POSTED: 01:30 a.m. HST, Sep 12, 2010
LAST UPDATED: 02:26 a.m. HST, Sep 15, 2010
Almost every day, Richard and Susan Mirikitani welcome strangers to their Aina Haina beachfront home.
They're doing their part, they say, in sharing a piece of Hawaii's architectural history with others.
"We live and breathe historic preservation every day," said Richard Mirikitani, a senior executive with Castle & Cooke Hawaii.
The Mirikitani home, known as the Bayer Estate, is on the State Register of Historic Places, and is an example of late-1930s housing construction on Oahu.

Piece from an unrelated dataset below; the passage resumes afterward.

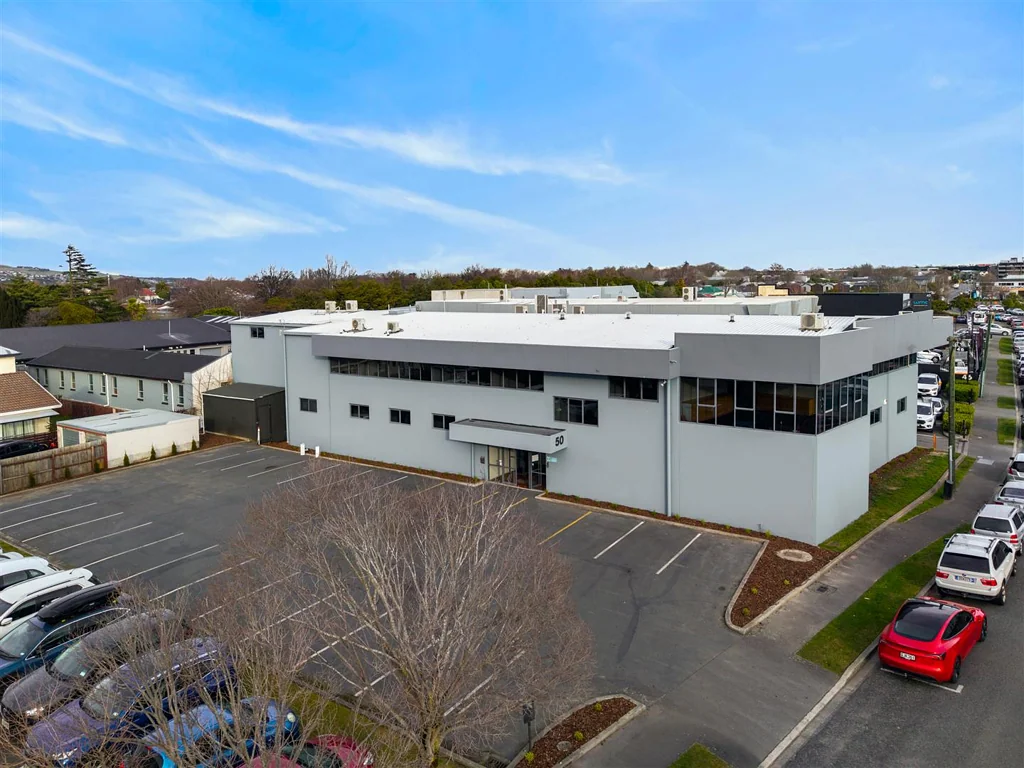 Addington  Substantial City-Fringe Office & Warehouse Facility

The couple gets a property tax exemption for their Kalanianaole Highway home, even though the view from the street is mostly obscured by vegetation. The view is better from the beach.
But the Mirikitanis fulfill the public-benefit purpose of the exemption program in other ways.
They give free public tours, advertising the offer on a website that provides the history of the home (go to www.bayerestate.com or call 377-9359).
They host functions for nonprofit groups and schools and help charities with fundraisers.
They also rent the place commercially for weddings and other events.
"We consider the house as a community asset, and we love to share it with the community," Richard Mirikitani said.
Like other owners, Mirikitani said the upkeep of historically significant residences is costly, and anything that can subsidize the preservation of such dwellings should be encouraged.
He noted, for instance, that it will cost $60,000 to $65,000 to rewire the Bayer Estate's electrical system in a way that doesn't affect the home's interior look.
The tax break also helps offset the cost of not selling or demolishing historic homes to make way for other, more financially lucrative uses, Mirikitani and other owners say.